Depending on the needs of the project, a quality management plan can be formal or informal, detailed or broad. The best plans address the three aspects of quality—quality control, quality assurance, and quality improvement—and feature operational definitions as well as any procedures and standards.

Quality control, quality assurance and quality improvement
To provide direction and focus for project plan development, your plan should include details about quality control, quality assurance, and quality improvement measures.
  • Quality Control - monitors products for conformance to the quality standards and identifies ways to eliminate substandard work or failures. It requires detailed instructions based on the operational definitions, or measurements, for the project.
  • Quality Assurance - audits the organizational structures, responsibilities, procedures and processes of a project to ensure that the quality plan is providing effective feedback.
  • Quality Improvement - is the outcome of the quality assurance and quality control processes. A design experiment may be required to determine if there are new operating norms or if the new procedures will work. It may prevent re-occurrences of quality issues.
Operational definitions
Next, your plan must define what needs to be measured. Before the plan can be fully developed, the following operational definitions need to be identified:
  • What quality aspects will be measured?
  • How will each quality aspect be measured?
  • When will each quality aspect be measured?
Defining what needs to be measured can be the hardest part of the operational definition process. The governing rule should be to measure anything that can be variable in nature, whether the item to be measured is a human, a machine, a product, a procedure or process, or the environment.

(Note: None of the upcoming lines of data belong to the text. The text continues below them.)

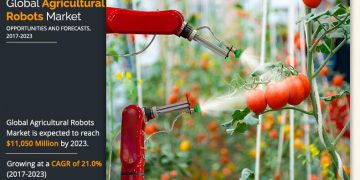Agricultural Robots Market by Type, Application, Analysis 2023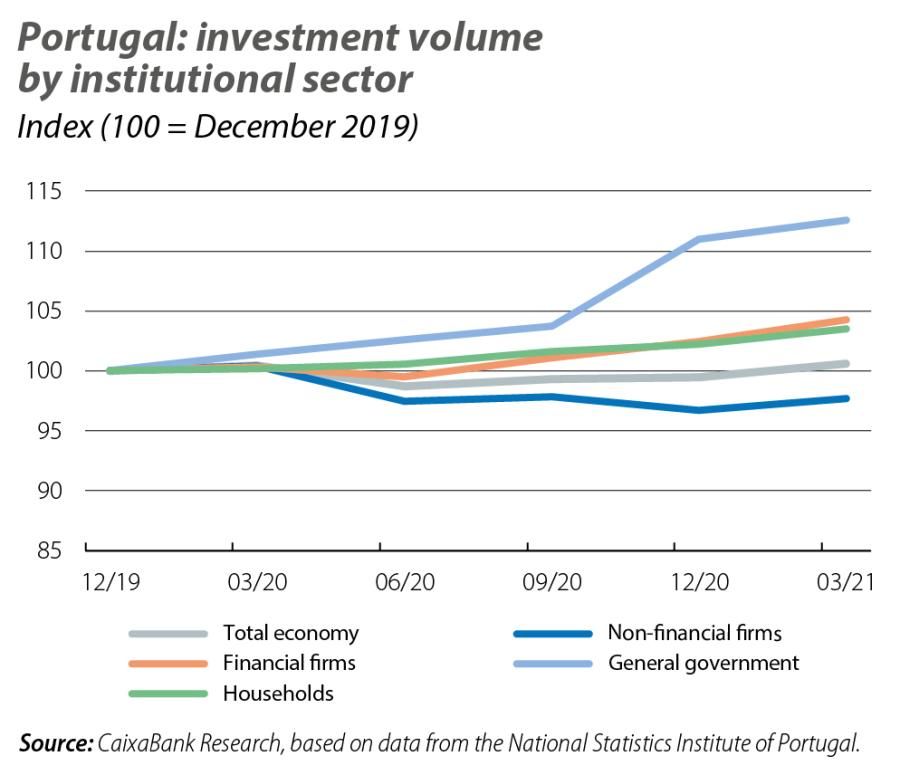 Portugal: investment volume by institutional sector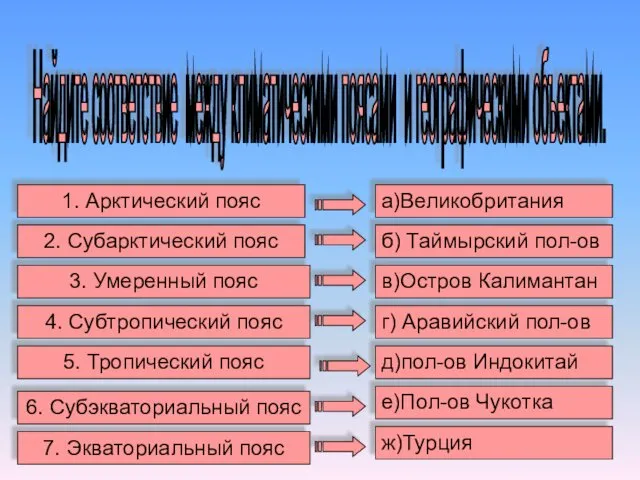 Найдите соответствие между климатическими поясами и географическими объектами. 7. Экваториальный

Most final products require some sort of measurement to ensure conformance to subjective and objective standards. Subjective standards are difficult to measure. How exactly do you measure the aesthetic appeal of flowers? Objective standards require detailed measurements including destruction testing.

Forms can be developed to record objective and subjective measurements. Objective standards include strength, time, cost and measurement criteria. These need explicit data requiring detailed inspection processes and forms. Subjective standards, such as aesthetic standards, are most often measured using checklists with comment sections.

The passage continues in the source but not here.